Nevertheless, strolling up to 50th street, we set out for a family we had come to know when the father was shot and killed on his own front porch. We had walked the family through the funeral, a rosary novena, and a blessing of the urn and home, and wanted to check in on the mother and her young children. As we approached the house, however, we were distracted by a familiar voice.

“Brother Jim! Brother Jim!” The thick accent and energetic tone were unmistakable. A single man, neighbor to this family and known to many in the neighborhood, was eager to see us after a few months. Known for his faith and compassion, which can be enthusiastic to a fault, he can usually be seen walking the streets, handing out prayer cards, praying the rosary with struggling families, and taking time to learn the news of his neighborhood. His daily activities are not dissimilar to the work of Brothers and Sisters of Love, even if his approach can sometimes be a bit overbearing.

I tried to deny my mixed feelings at seeing our friend. While he is an incredibly friendly man with a great source of knowledge about the neighborhood, he also gets into long diatribes about religion and takes a significant chunk of time leading us into various homes for prayers and blessings that appear to be without end. I had to remind myself to love everyone.

He requested for us to visit a few struggling families he knew, and claimed they were right around the corner. Three blocks later, those mixed feelings I had shoved down were starting to surface again. Where was our guide taking us this time?

We first stumbled upon a woman who had lost her son to gun violence. Her remaining sons were both in prison, and the family had not had a chance to be together since this death. Her isolation had led her into a deep depression. We exchanged information and offered her transportation to visit her sons in the penitentiary. Her sorrow became replaced with a bit of hopeful energy.

Next we wandered north to a place where we met a grandmother overwhelmed by circumstances. Although she grew up in the area and raised her family in Back of the Yards, this 61-year-old had moved away to Oregon. Her son remained in the area and had been mixed up in the wrong crowd, leading him to the penitentiary. He had lived with his girlfriend who had six kids, most of them believed to be his. This girlfriend and the grandchildren lived in the home that now looks out on a makeshift memorial of a slain man, friend of the family.

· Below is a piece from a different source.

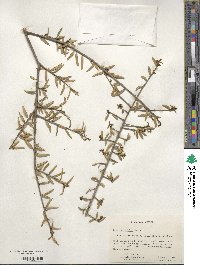 Ilex myrtifolia image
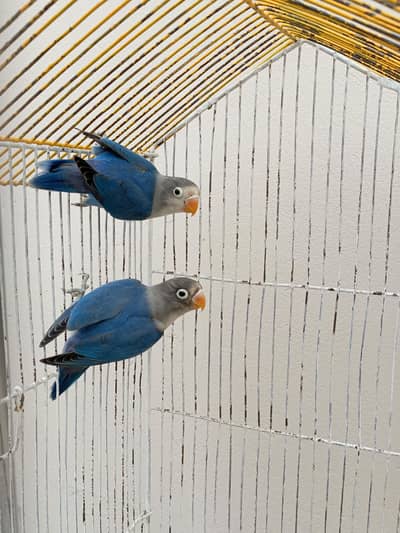 lovebirds parrots pair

Arriving back to the neighborhood, the grandmother was thrown into a dysfunctional and chaotic situation on her own. The children had been raising themselves, numb and oblivious to authority, discipline, and rules. No one in the home knew much about church, to her extreme dismay. Her own husband struggled with his issues of alcoholism, cheating, and HIV, and was not around to help in the situation. The neighbors and friends of the girlfriend whom she was helping were not eager to lend a hand, and would flippantly come and go as they pleased, leaving this woman in a continued state of shock and confusion.

Although she had just met us, she could sense she finally had a sounding board for the traumatic things she had been witnessing. She spoke of her desperation, her hopes for the children, and the extreme pain she felt watching what had happened to a neighborhood she once knew. It was one woman against community norms that she could not understand. Although she wanted to be able to fix things, she lacked the support for help.

We prayed with the grandmother and offered our best listening ear. Walking away after a long conversation, all of our hearts dropped leaving this woman alone with the situation she had to face. In both visits, isolation casted out the ability for love, healing, and hope.

God was not quite done with our “detour,” though. Our last stop was to a family who had a thirty-something special needs daughter. In her first year of life, illness left this daughter in a perpetual state of infancy, non-verbal, without motor skills and with minimal comprehension of the circumstances around her. We braced ourselves for another sad situation and more stories of desperation.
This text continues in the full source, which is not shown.